*WORK INSTRUCTION*. Transcribe each entry in full, and leave the images out.
#### RECORDS FOR THIS EXERCISE ####
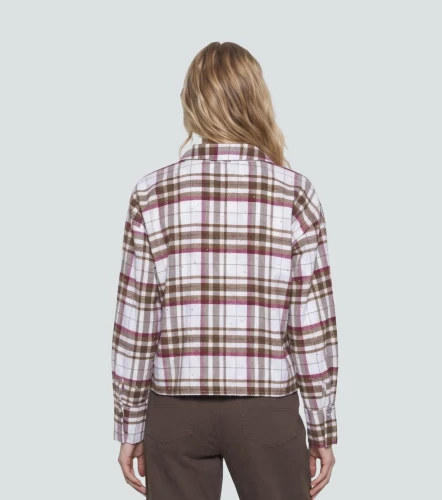 Blusa Camisera Para Mujer A Cuadros Con Brillos Alejandra DerekCF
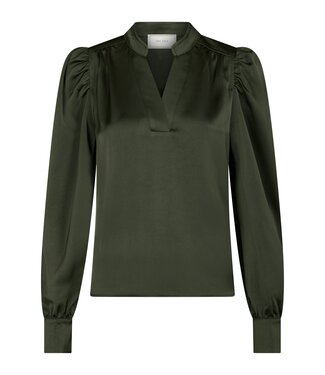 neo noir NEONOIR - Rosslyn heavy blouse deep green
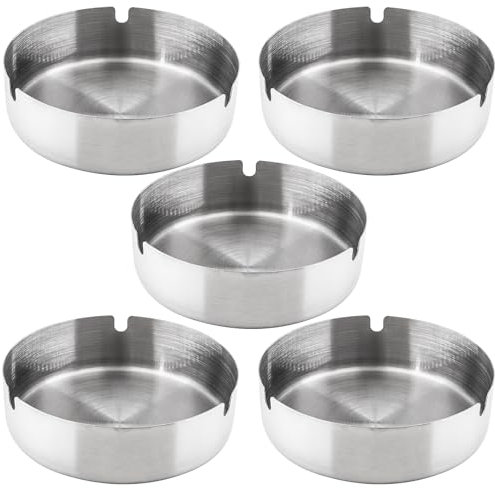 HHNNL 5 Stück Aschenbecher für Draussen, 12cm Aschenbecher, Rund Edelstahl Aschenbecher, Windaschenbecher Outdoor Aschenbecher, Geeignet für Den Innen- und Außenbereich, Silber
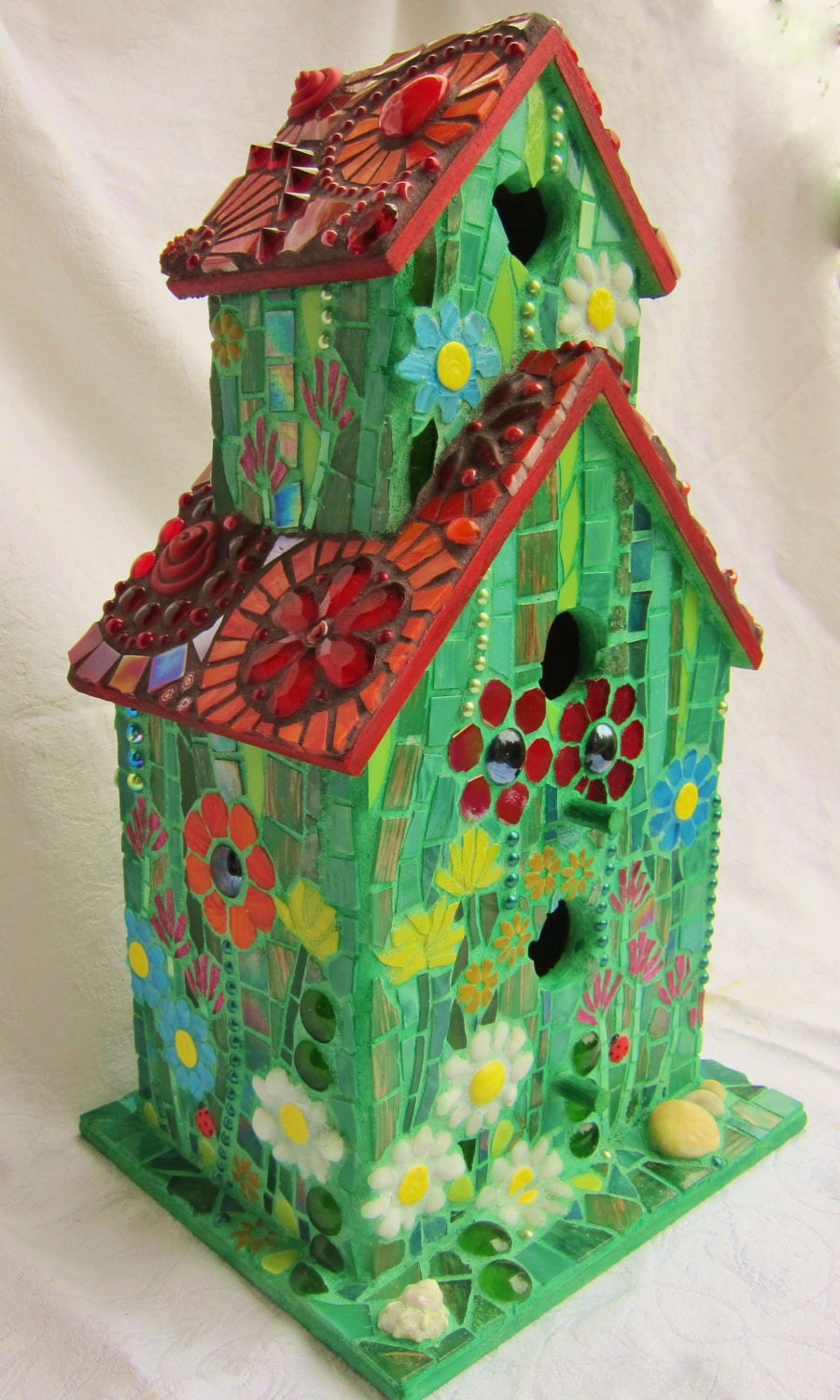 Birds' Love Nest - Mosaic Birdhouse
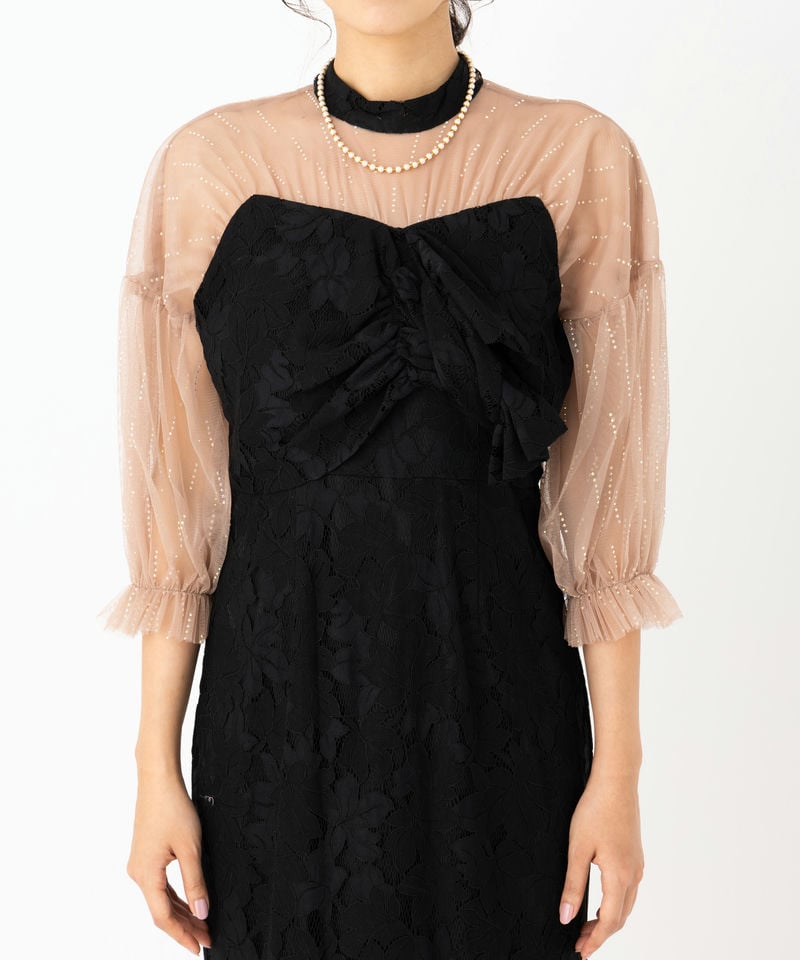 Leja レジャ レイヤード風ビスチェフロントリボンドレス ブラック系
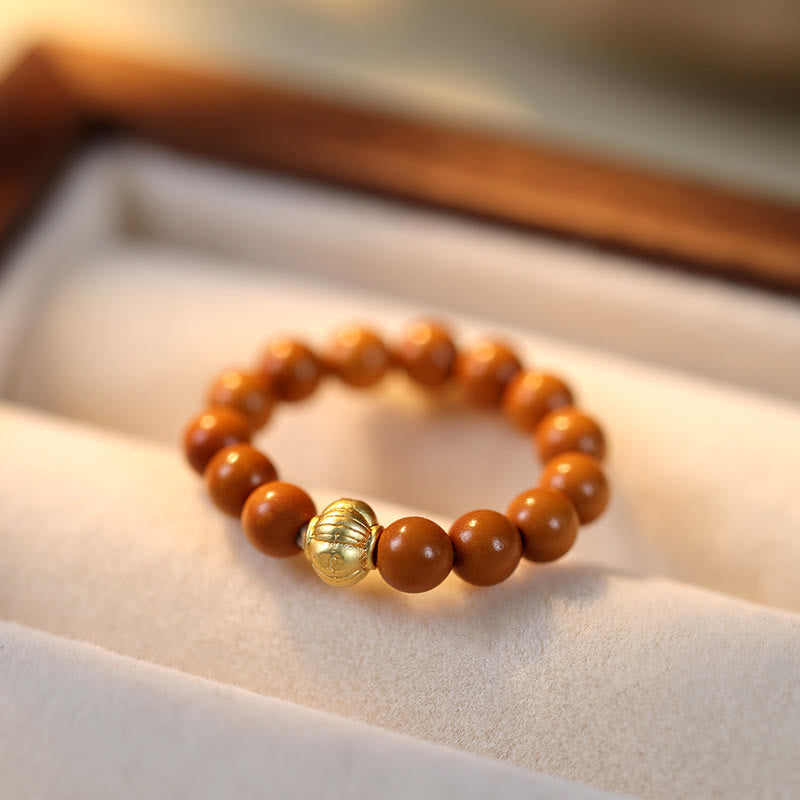 Buddha Stones Olive Pit Bead Copper Coin Inner Strength Ring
####
*RESPONSE BOX*.
 Blusa Camisera Para Mujer A Cuadros Con Brillos Alejandra DerekCF
 neo noir NEONOIR - Rosslyn heavy blouse deep green
 HHNNL 5 Stück Aschenbecher für Draussen, 12cm Aschenbecher, Rund Edelstahl Aschenbecher, Windaschenbecher Outdoor Aschenbecher, Geeignet für Den Innen- und Außenbereich, Silber
 Birds' Love Nest - Mosaic Birdhouse
 Leja レジャ レイヤード風ビスチェフロントリボンドレス ブラック系
 Buddha Stones Olive Pit Bead Copper Coin Inner Strength Ring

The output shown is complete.